Notes

Extract Table of Contents from a PDF File

Daniel Weibel
Created 29 Jun 2016

Variant 1: With PDFMiner

This Python-based variant extracts the table of contents in a (pseudo) XML format.

Requires Python $\geq$ 2.6, but < 3.0.

Install PDFMiner

Now there should be the executables /usr/local/bin/pdf2txt.py and /usr/local/bin/dumppdf.py.

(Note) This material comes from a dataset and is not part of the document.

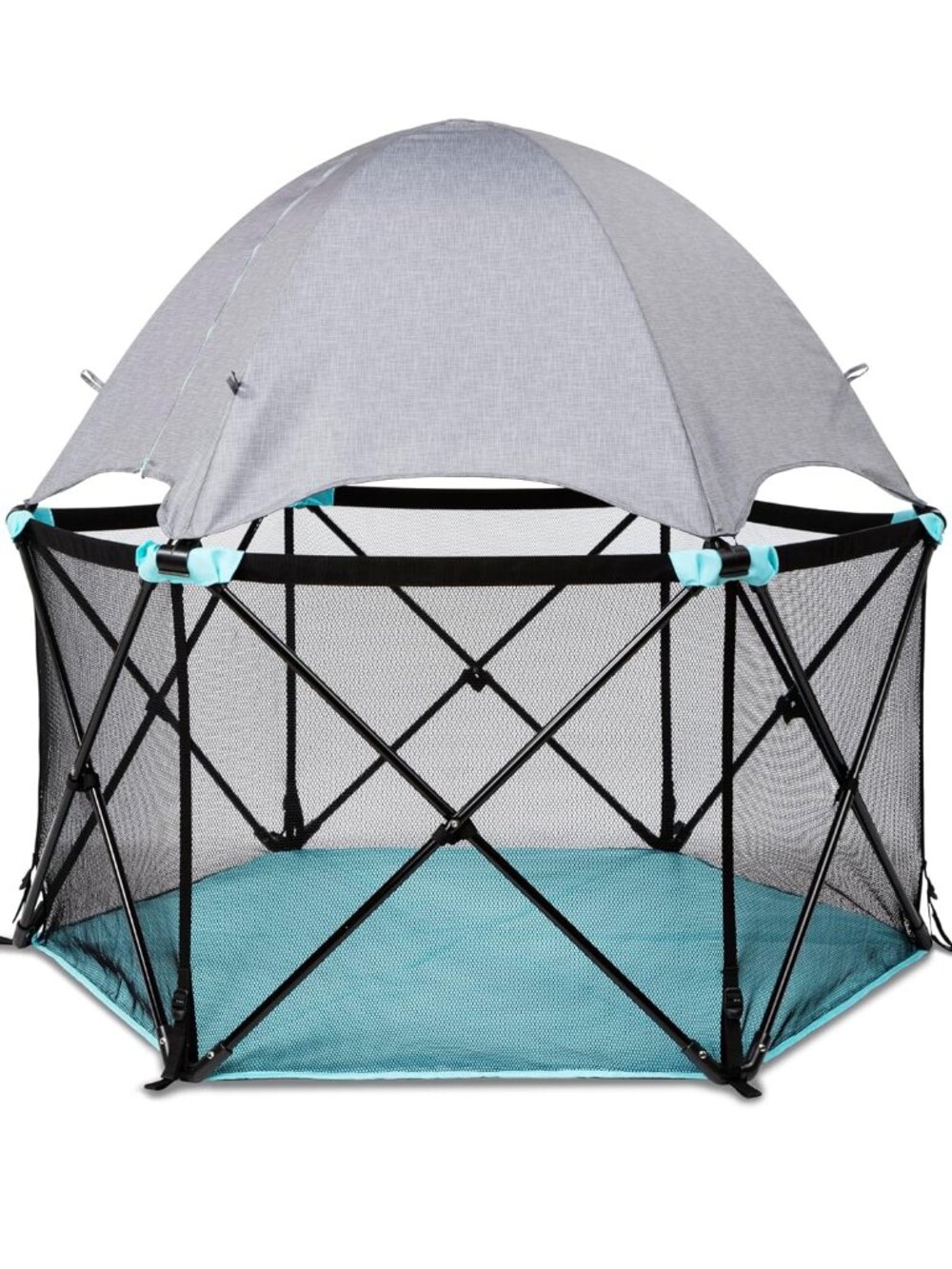 Summer Infant Pop ‘N Play Deluxe Ultimate Playard Aqua Splash - Full Coverage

Extract table of contents as (pseudo) XML

dumppdf.py -T myfile.pdf

Variant 2: With MuPDF

This variant extracts the table of contents in plain text format.

Install MuPDF

  • Download source code from http://mupdf.com/downloads/
  • Compile and install:

      tar xzf mupdf-1.9a-source.tar.gz && cd mupdf-1.9a-source
      export XCFLAGS=-I/opt/X11/include/X11
      make prefix=/usr/local HAVE_GLFW=no install
    

    Notes: (1) Line 2 indicates to make that the X11 header files are in /opt/X11/include/X11 rather than the default /usr/local/include/X11, this is necessary on Mac OS X, (2) The HAVE_GLFW=no option prevents building the OpenGL version of MuPDF (mupdf-gl), only the X11 version (mupdf-x11) is built. This is to prevent further installation problems.

Now, there should be the executables /usr/local/bin/mupdf-x11 (PDF viewer) and /usr/local/bin/mutool.

Extract table of contents as plain text

mutool show myfile.pdf outline

Note: subsections are indented by tabs, and page numbers are separated by tabs as well.